As the number of restorations and rehabilitation projects in Fell’s Point increased, the Preservation Society organized a design review committee that provides neighborhood design review required by CHAP for building permits. Known as the Fell’s Point Design Review Committee, this committee, meeting under the auspice of the Society, comments on the design, compatibility with the Fell’s Point historic district and adherence to the CHAP guidelines of submitted projects and reports its comments to CHAP as part of the neighborhood review process.

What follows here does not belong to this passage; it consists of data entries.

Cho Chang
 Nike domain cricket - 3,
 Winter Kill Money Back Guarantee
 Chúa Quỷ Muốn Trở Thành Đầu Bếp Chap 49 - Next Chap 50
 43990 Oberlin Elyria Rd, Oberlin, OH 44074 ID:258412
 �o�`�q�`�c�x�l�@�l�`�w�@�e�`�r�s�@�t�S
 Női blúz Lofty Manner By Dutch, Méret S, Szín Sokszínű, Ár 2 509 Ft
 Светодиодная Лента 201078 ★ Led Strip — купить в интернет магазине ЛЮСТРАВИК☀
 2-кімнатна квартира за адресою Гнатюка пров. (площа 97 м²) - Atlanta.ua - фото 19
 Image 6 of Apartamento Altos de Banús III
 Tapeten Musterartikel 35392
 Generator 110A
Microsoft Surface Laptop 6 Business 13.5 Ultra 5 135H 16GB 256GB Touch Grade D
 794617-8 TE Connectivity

With the ultimate collapse of the shipping, warehousing and manufacturing industries in Fell’s Point in the 1970’s large tracts of vacant land became available for reuse along the waterfront. In looking at underutilized tract that surrounded Fell’s Point the Preservation Society sought ways to ensure that future development would be compatible with the scale and nature of the existing historic district. Working with various neighborhood committees, CHAP and Zoning the Society contributed to evolution of plans for waterfront development that maintained land usages compatible with the scale of the historic waterfront while allowing for new growth and building construction.
As the neighborhood along South Broadway has changed and the nature of retailing reinvented, the Society has focused its attention from the redeveloped and reimaged vibrant waterfront to the challenges the facing South Broadway along its blocks from Fell’s Point to Hopkins Hospitals. As the waterfront is a part of historic Fell’s Point so too is the view corridor from Hopkins to Thames Street.
Much of the commercial activity along south Broadway is gone as are the many institutional usages that served the neighborhood. In order to address the issues of under investment and vacant properties the Society, as it did with the waterfront issues, is partnering with various city agencies, as well as neighborhood and preservation organizations to begin to evolve a new vision for land use opportunities that respect the existing historic nature of South Broadway as it connects Fell’s Point with Johns Hopkins.In this way the Society looks to combine historic preservation with today’s development goals to form a new neighborhood that respects the past, but will serve Fell’s Point well into the future.